Create a cachedContents object

First, create a cachedContents object by calling the Vertex cachedContents endpoint. The LiteLLM proxy forwards the /cachedContents request to the VertexAI API.

import httpx

# Set Litellm proxy variables
LITELLM_BASE_URL = "http://0.0.0.0:4000"
LITELLM_PROXY_API_KEY = "sk-1234"

httpx_client = httpx.Client(timeout=30)

print("Creating cached content")
create_cache = httpx_client.post(
    url=f"{LITELLM_BASE_URL}/vertex-ai/cachedContents",
    headers={"Authorization": f"Bearer {LITELLM_PROXY_API_KEY}"},
    json={
        "model": "gemini-1.5-pro-001",
        "contents": [
            {
                "role": "user",
                "parts": [{
                    "text": "This is sample text to demonstrate explicit caching." * 4000
                }]
            }
        ],
    }
)

print("Response from create_cache:", create_cache)
create_cache_response = create_cache.json()
print("JSON from create_cache:", create_cache_response)
cached_content_name = create_cache_response["name"]
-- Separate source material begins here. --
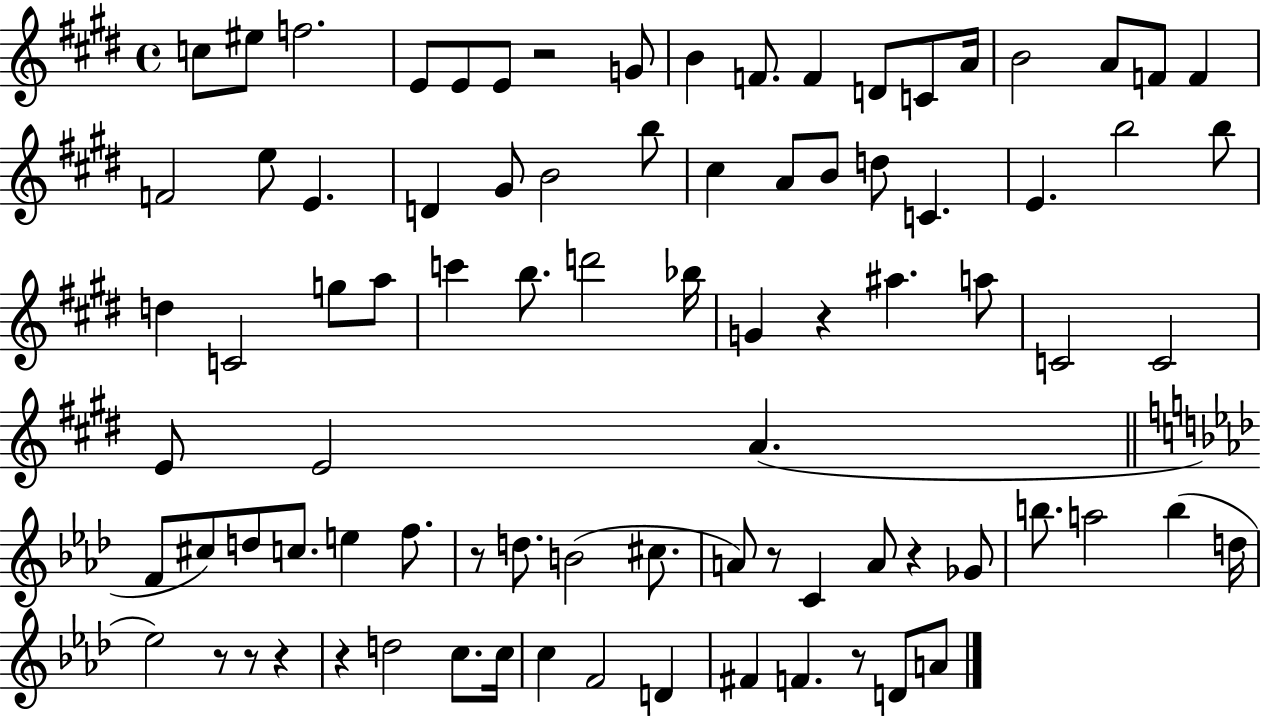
C5/e EIS5/e F5/h. E4/e E4/e E4/e R/h G4/e B4/q F4/e. F4/q D4/e C4/e A4/s B4/h A4/e F4/e F4/q F4/h E5/e E4/q. D4/q G#4/e B4/h B5/e C#5/q A4/e B4/e D5/e C4/q. E4/q. B5/h B5/e D5/q C4/h G5/e A5/e C6/q B5/e. D6/h Bb5/s G4/q R/q A#5/q. A5/e C4/h C4/h E4/e E4/h A4/q. F4/e C#5/e D5/e C5/e. E5/q F5/e. R/e D5/e. B4/h C#5/e. A4/e R/e C4/q A4/e R/q Gb4/e B5/e. A5/h B5/q D5/s Eb5/h R/e R/e R/q R/q D5/h C5/e. C5/s C5/q F4/h D4/q F#4/q F4/q. R/e D4/e A4/e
Use the cachedContents object in your /chat/completions request to VertexAI

import openai

# Set Litellm proxy variables
LITELLM_BASE_URL = "http://0.0.0.0:4000"
LITELLM_PROXY_API_KEY = "sk-1234"

client = openai.OpenAI(api_key=LITELLM_PROXY_API_KEY, base_url=LITELLM_BASE_URL)
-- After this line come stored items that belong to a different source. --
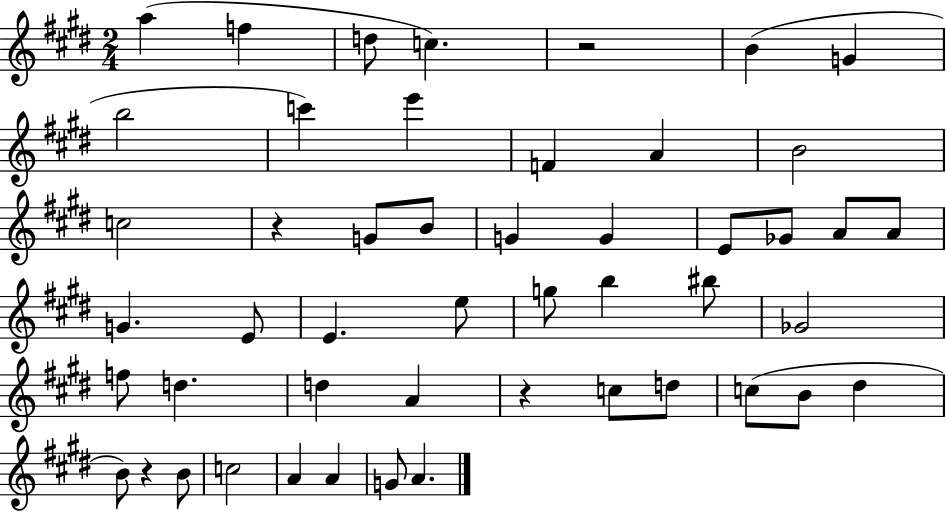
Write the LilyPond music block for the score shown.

{
  \clef treble
  \numericTimeSignature
  \time 2/4
  \key e \major
  a''4( f''4 | d''8 c''4.) | r2 | b'4( g'4 | \break b''2 | c'''4) e'''4 | f'4 a'4 | b'2 | \break c''2 | r4 g'8 b'8 | g'4 g'4 | e'8 ges'8 a'8 a'8 | \break g'4. e'8 | e'4. e''8 | g''8 b''4 bis''8 | ges'2 | \break f''8 d''4. | d''4 a'4 | r4 c''8 d''8 | c''8( b'8 dis''4 | \break b'8) r4 b'8 | c''2 | a'4 a'4 | g'8 a'4. | \break \bar "|."
}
response = client.chat.completions.create(
    model="gemini-1.5-pro-001",
    max_tokens=8192,
    messages=[
        {
            "role": "user",
            "content": "What is the sample text about?",
        },
    ],
    temperature=0.7,
    extra_body={"cached_content": cached_content_name},  # Use the cached content
)

print("Response from proxy:", response)

Pre-requisites

  • pip install google-cloud-aiplatform (pre-installed on proxy docker image)

  • Authentication:

    • run gcloud auth application-default login See Google Cloud Docs
    • Alternatively you can set GOOGLE_APPLICATION_CREDENTIALS

    Here's how: Jump to Code

    - Create a service account on GCP
    - Export the credentials as a json
    - load the json and json.dump the json as a string
    - store the json string in your environment as `GOOGLE_APPLICATION_CREDENTIALS`
    

Sample Usage

import litellm
litellm.vertex_project = "hardy-device-38811" # Your Project ID
litellm.vertex_location = "us-central1"  # proj location

response = litellm.completion(model="gemini-pro", messages=[{"role": "user", "content": "write code for saying hi from LiteLLM"}])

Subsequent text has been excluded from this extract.